TASK REQUIREMENTS
Produce a word-for-word copy of the listing below without its pictures.

INPUT DATA

-*-

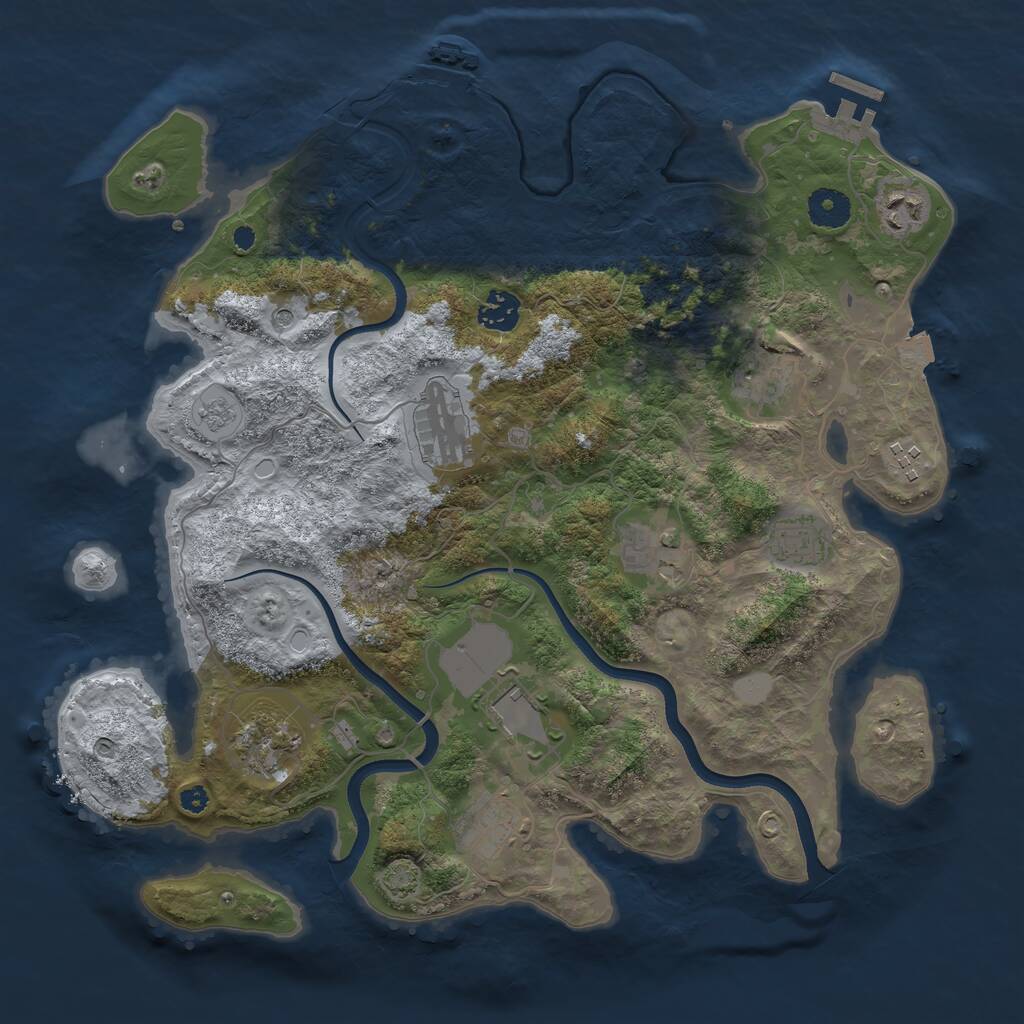 Rust Map: Procedural Map, Size: 3700, Seed: 1453688669, 16 Monuments
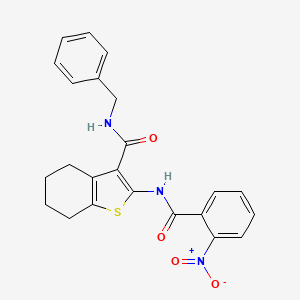 molecular formula C23H21N3O4S B2503085 N-benzyl-2-[(2-nitrobenzoyl)amino]-4,5,6,7-tetrahydro-1-benzothiophene-3-carboxamide CAS No. 618077-07-9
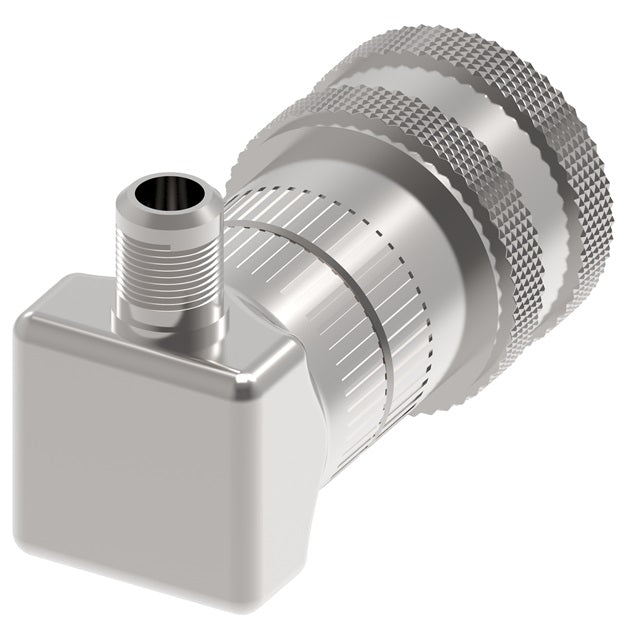 2HLLLRA720 Hansen® by Danfoss | Food & Beverage Quick Disconnect Coupling | 2HKGL Series | 90° Elbow | 7/16-20 Male UNF x 1/4" Body Size | Socket for Liquid | NBR Seal | Stainless Steel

-*-

RESULT OF THIS TASK
 Rust Map: Procedural Map, Size: 3700, Seed: 1453688669, 16 Monuments
 molecular formula C23H21N3O4S B2503085 N-benzyl-2-[(2-nitrobenzoyl)amino]-4,5,6,7-tetrahydro-1-benzothiophene-3-carboxamide CAS No. 618077-07-9
 2HLLLRA720 Hansen® by Danfoss | Food & Beverage Quick Disconnect Coupling | 2HKGL Series | 90° Elbow | 7/16-20 Male UNF x 1/4" Body Size | Socket for Liquid | NBR Seal | Stainless Steel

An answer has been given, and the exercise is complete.